The answer is to be an exact copy of the lines below running from the line with "FX-S-004: Air Vent" down to the line with "102 W Eden St, Edenton, NC", both ends included, and nothing more.

*** Data in this exercise Section Begins ***

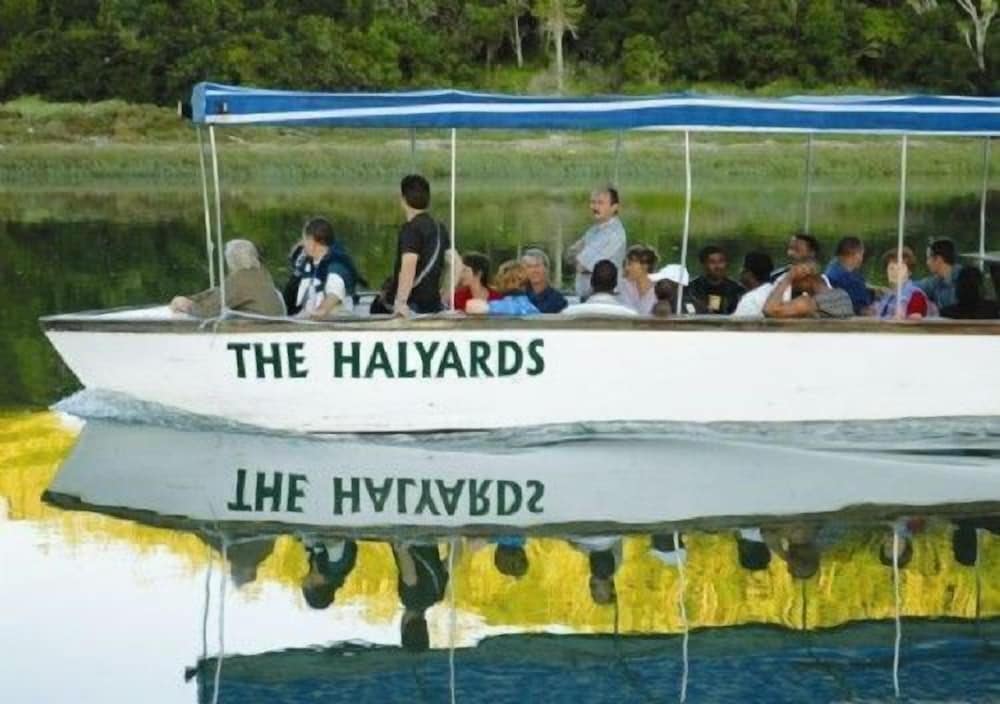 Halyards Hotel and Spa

*** Data in this exercise Section Ends ***
*** Data in this exercise Section Begins ***

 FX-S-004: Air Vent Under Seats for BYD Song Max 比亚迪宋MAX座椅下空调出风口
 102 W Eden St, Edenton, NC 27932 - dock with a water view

*** Data in this exercise Section Ends ***

__Answer area__.
 FX-S-004: Air Vent Under Seats for BYD Song Max 比亚迪宋MAX座椅下空调出风口
 102 W Eden St, Edenton, NC 27932 - dock with a water view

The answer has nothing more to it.